Activity → The reply needs the lines from the one containing "Pequeño gatito — Foto de Stock" through the end of the material, each repeated exactly, and no pictures.

Source data →
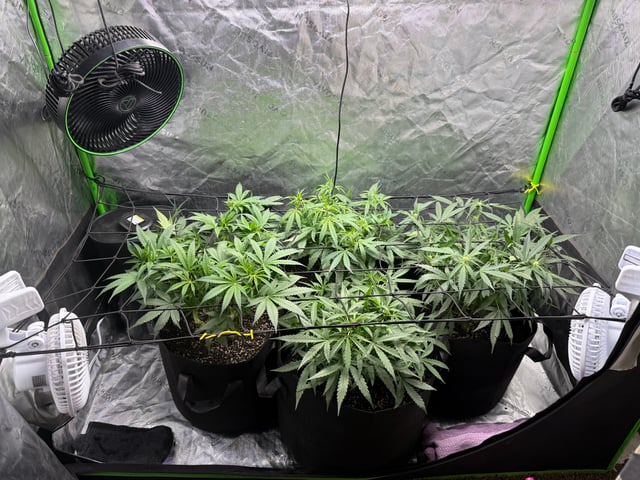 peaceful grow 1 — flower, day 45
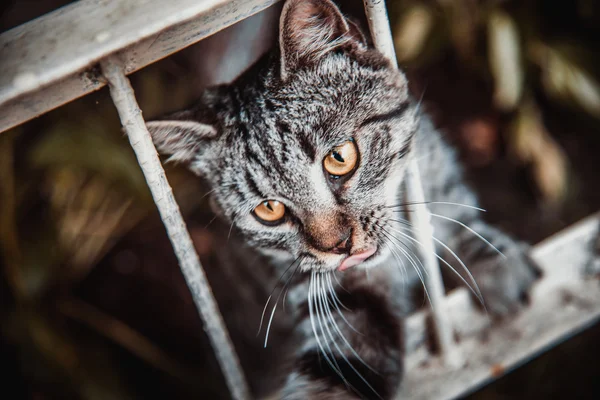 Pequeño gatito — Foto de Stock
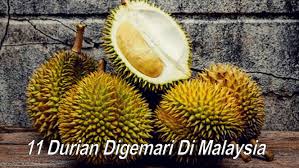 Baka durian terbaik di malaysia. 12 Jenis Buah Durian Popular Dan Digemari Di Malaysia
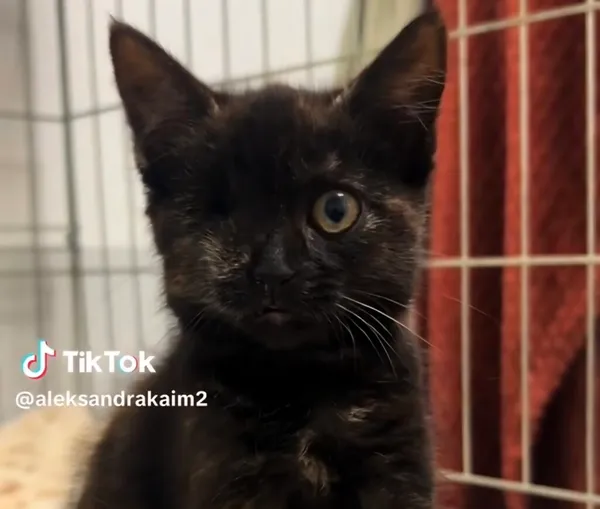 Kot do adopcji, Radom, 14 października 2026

Solved exercise →
 Pequeño gatito — Foto de Stock
 Baka durian terbaik di malaysia. 12 Jenis Buah Durian Popular Dan Digemari Di Malaysia
 Kot do adopcji, Radom, 14 października 2026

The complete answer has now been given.